In an elegant, dimly lit ballroom in Dallas’ Adolphus Hotel, the light from a single heavily draped window illuminates Viggo Mortensen, star of multi-Oscar-winning The Lord of the Rings: The Return of the King and the newly released Hidalgo.
But he seems more interested in chatting about his book of photographs, a sumptuous collection called The Horse Is Good, than sitting still and posing for them. The handsome, soft-spoken Mortensen may have perceived acting as more of a hobby at one point in his life, but after a career spent toiling in supporting roles, his turn in the Rings trilogy has transformed him into an international superstar — and, more important, a leading man.
In Hidalgo, Mortensen plays real-life cowboy legend Frank T. Hopkins, a half-American-Indian endurance racer who — along with his faithful mustang, Hidalgo — were the first American and non-Arabian horse to enter the 3,000-mile Lake of Fire race across the Arabian desert.
That Mortensen was already an experienced horseman — not including his extended stint in the saddle while filming Rings in New Zealand — adds authenticity to the physically demanding role. It might also help that he becomes so attached to his four-legged co-stars that he has taken home his last three rides — two from Rings and now the spunky little paint named T.J. that’s better known as Hidalgo.
“He was just a fascinating individual and I wanted to stay in touch with him,” Mortensen says.
Here are a few more words straight from the horseman’s mouth:
How challenging was it to share so much screen time with a co-star who might not take direction as well as, say, a computer-animated Balrog?
We often joked, “The movie’s not called Frank Hopkins, it’s called Hidalgo.” So Hidalgo better be somebody, and he is in this story. And it’s not animatronics, it’s not Mr. Ed. . . . He was going to do what he was going to do. Some of those times where the horse seems to be possessive, or annoyed or jealous or affectionate or encouraging toward my character, where he sort of works as a conscience for Frank . . . that’s stuff that the horse did. That was lucky.
You made some pretty radical climate shifts during the filming, from midwinter South Dakota to the sand-blown heat of the Sahara Desert, and all while sitting on top of a whole lot of unpredictable horseflesh. Was the shooting of Hidalgo as grueling as it looks?
I wasn’t suffering as much as an endurance rider is going to. But you’re in the saddle a lot of days, all day long. And you’ve got your hat and that’s about it. And there’s dust storms and the elements and just the tiredness, but it’s also really interesting. As far as horses go, not only are all horses different, but the same horse is going to be different every day. The things that I assume the horse would do or be up for, he might not be tomorrow, or the horse constantly came up with things on his own.

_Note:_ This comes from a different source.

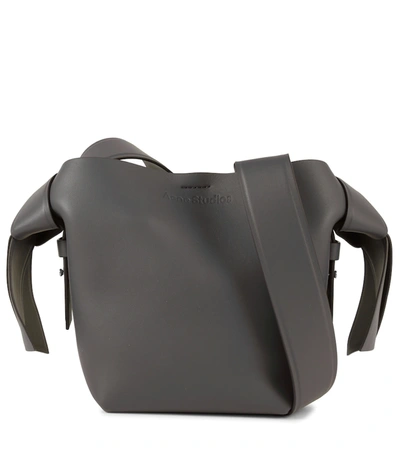Acne Studios Musubi Mini Knotted Leather Shoulder Bag In Gray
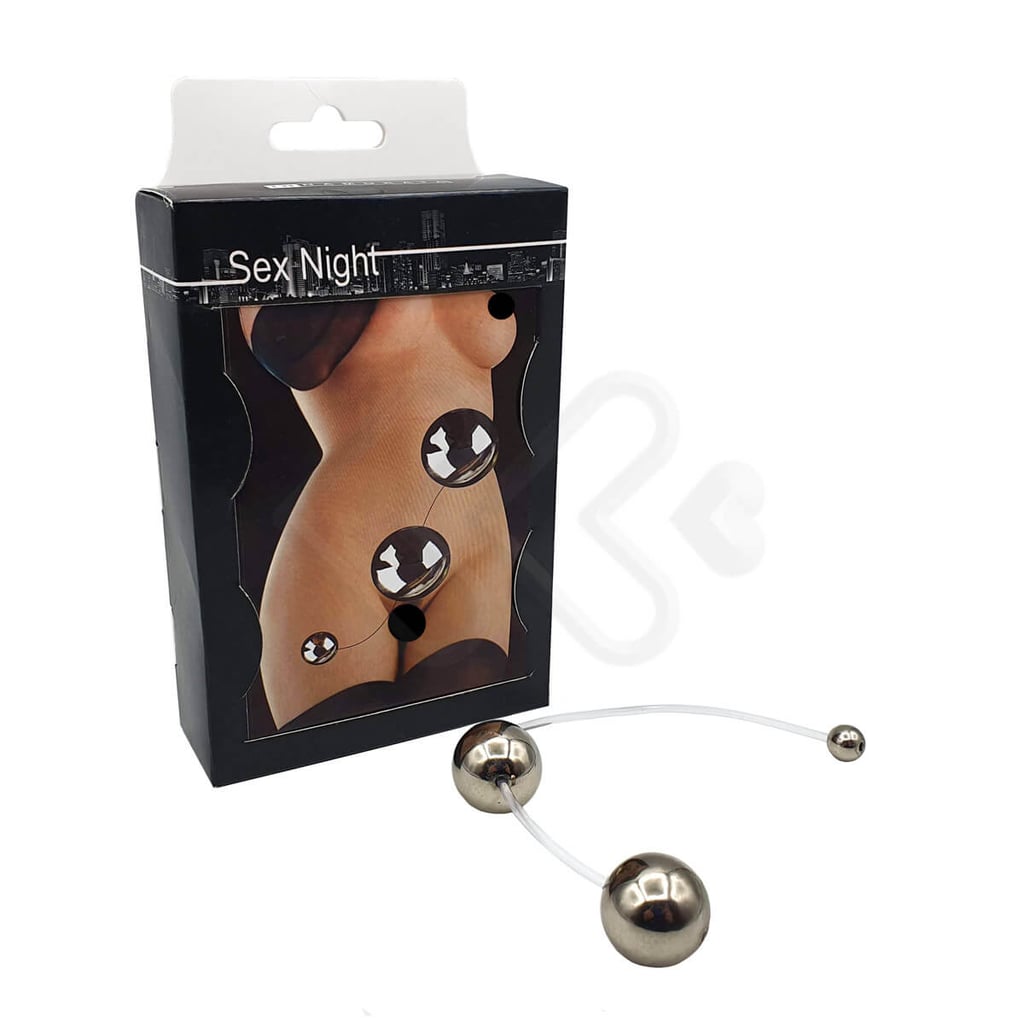 Colar Tailandês com 2 Esferas em Metal Leve - InNamorata Sex Night Anastásia Ball | 2,1 cm - 1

Having some riding experience means you can do a lot of the stuff that’s usually pushed off on stuntmen. But the film’s bareback final stretch also must have been terrifying, if not more than a little painful.
I’ve always liked to [ride], and it sort of reminds me of when I was a little boy. When you’re a kid, you’re kind of fearless. You can get afraid of things, but you’re not as conscious of your mortality or of getting hurt as when you’re an older guy and you’re kind of like, “Well, you know, if I come off goin’ full tilt . . . this is gonna hurt.” There’s a part of the body that we weren’t aware of called the “nacho.” In other words, it’s sort of right in the middle, it’s not your, uh, you know, up front and it’s not your . . . and that got pretty sore. We got a nacho pad, but it was a little too late.
OK, 11 [Oscar] nominations for Return of the King, but not one for acting. Were you at all disappointed at the overlooking of you or your co-stars?
It doesn’t help me do a better job. I don’t connect it to my job at all. Now, some people choose their roles and perform their roles with [an Oscar] in mind, thinking maybe they can get one. And I’m not puttin’ that down. It’s just not my thing. The reward is not only in the doing, but a secondary reward has clearly been the public reaction, that these stories and these performances have struck a chord.
You mentioned not having watched the Academy Awards in several years [he was also absent at the awards when Rings took home all 11 Oscars last weekend]. Do you think a sweep will mean anything in the long run?
You watch [the Oscars] and you realize that good work is maybe rewarded half the time and the other half of the time it’s sort of a crapshoot, a popularity contest, and it’s become more so. It’s not gonna change my opinion about it having been a job well done, a good effort, and that’s gonna last.